▸ Dataset excerpt
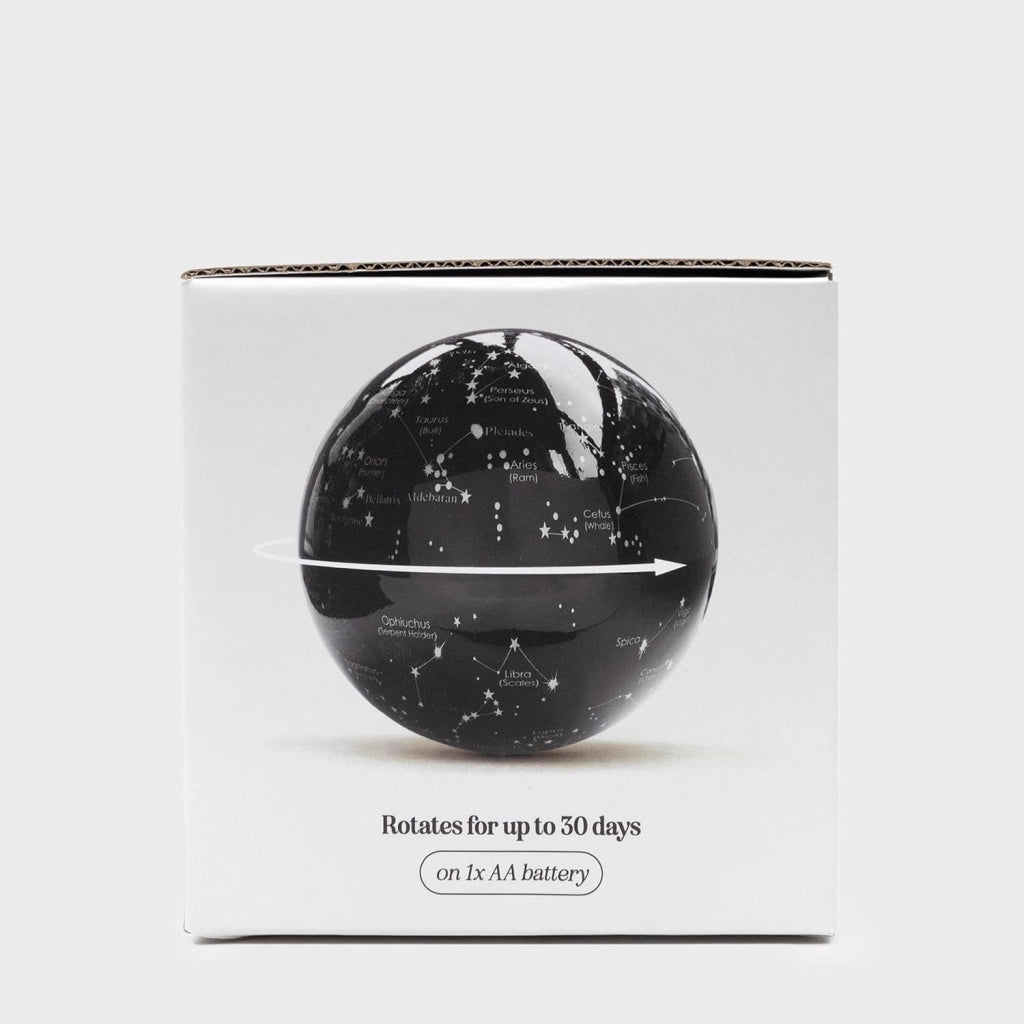 Cielo notturno rotante: globo luminoso con costellazioni.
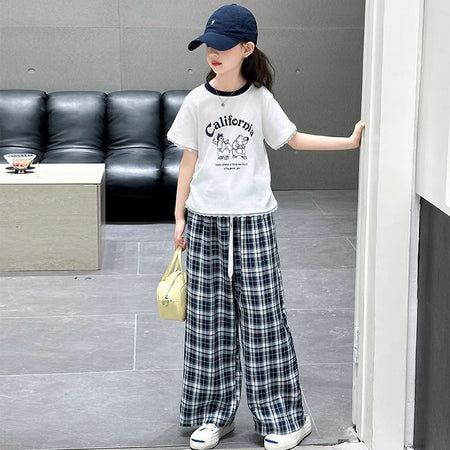 Girls Summer Plaid Outfit Set with Casual Pants – Baby & Children's Outfits – Image 3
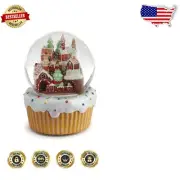 Gingerbread Village Train Musical Snow Globe - Plays We Wish You a Merry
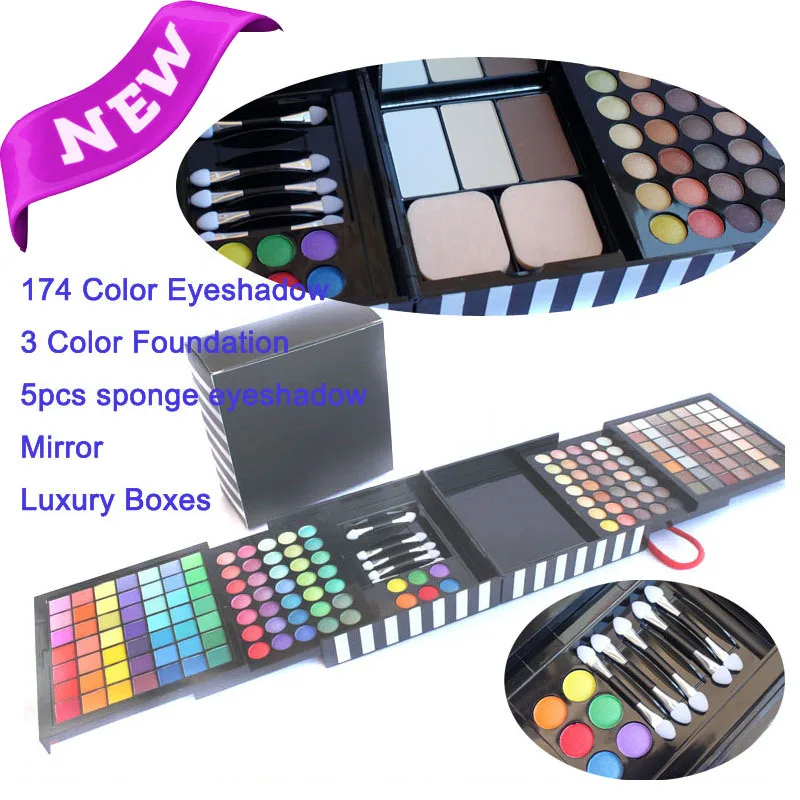 

Luxurious 177 Colors Eye shadow, Repair Capacity,Lip, Eyebrow Powder, Brush Combo With Mirror Makeup Set Gift Packaging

▸ What the task requires
With the pictures excluded, the line containing "Gingerbread Village Train" and every line after it through the end of the data above are to be transcribed exactly, and nothing more.

▸ Response
 Gingerbread Village Train Musical Snow Globe - Plays We Wish You a Merry

Luxurious 177 Colors Eye shadow, Repair Capacity,Lip, Eyebrow Powder, Brush Combo With Mirror Makeup Set Gift Packaging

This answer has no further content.